With all the complaining out of the way, I’ll say that those Canon FD lenses are quite wonderful, nice-looking and very sharp.  The only reason that I don’t use them more often is because I prefer the character of the Pentax Takumar lenses, even with the eccentricities of using the screw-mount system (Canon lenses look much more neutral to me).  I knew I’d end up getting some pretty nice images, and scanning lines aside, I did.  I’ll rescan this roll myself once I have that capability, but for now, I was stuck in Photoshop using the Healing Brush whenever I had the time and got pretty tired of trying to fix the problems.  Here are a few that I’ve got done and I think turned out pretty nicely.

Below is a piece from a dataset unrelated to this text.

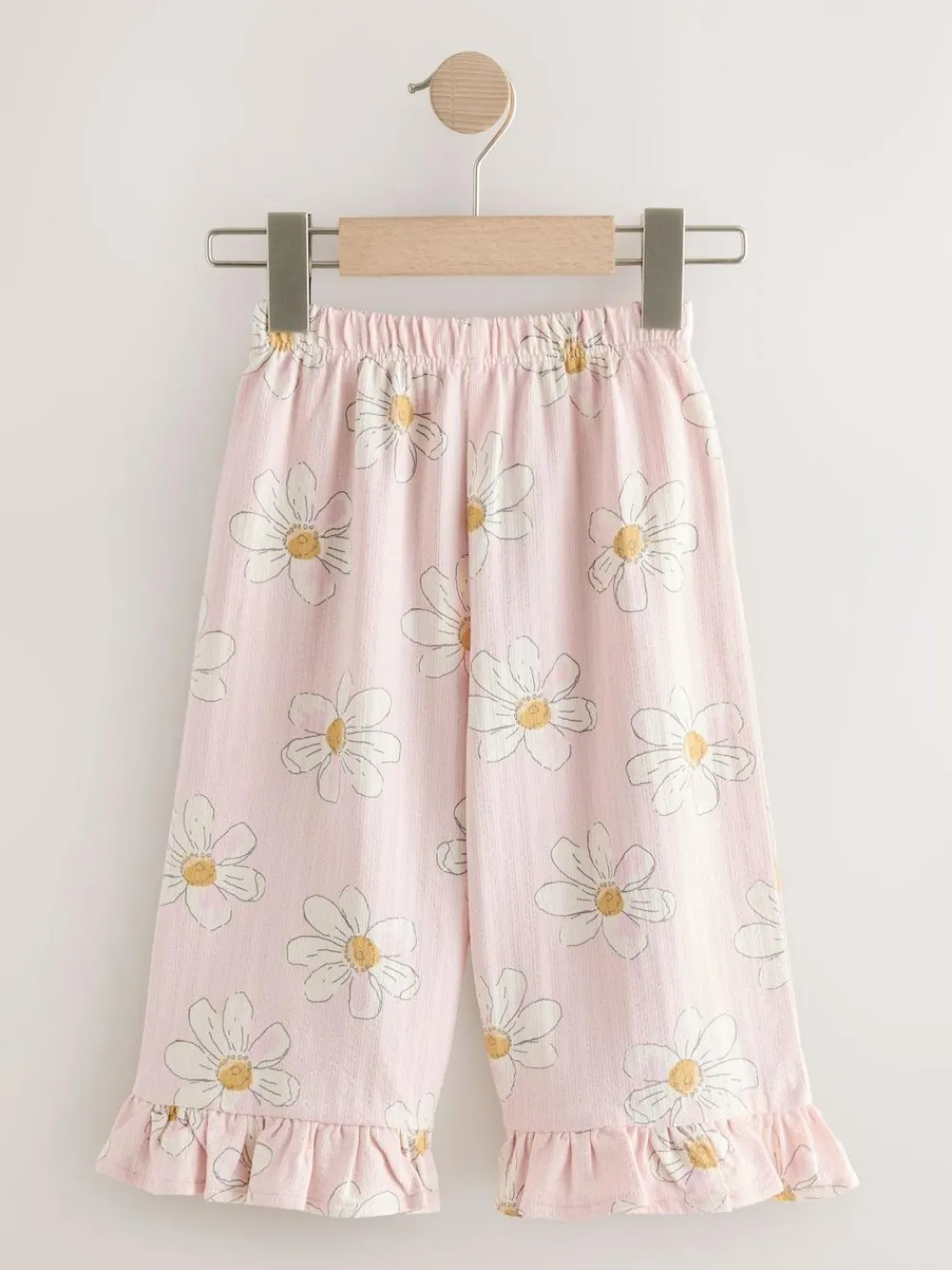 Next Pink Flower Wide Leg Frill Trousers (3mths-7yrs)^ Pants & Leggings|Pants & Leggings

Here’s an example before Photoshop:
01AA007

I don’t think I talk enough about how nice and how sharp those FD lenses are, but I’d say they do very well indeed.  One of these days I’d like to run a roll or two of Cinestill 50D through my AE-1 and see how that looks, but the T50 I got tired of dealing with and to use up the roll fast I took pictures of several of my other cameras.  Strangely enough, there are no scanning lines on those shots.  Hmmm…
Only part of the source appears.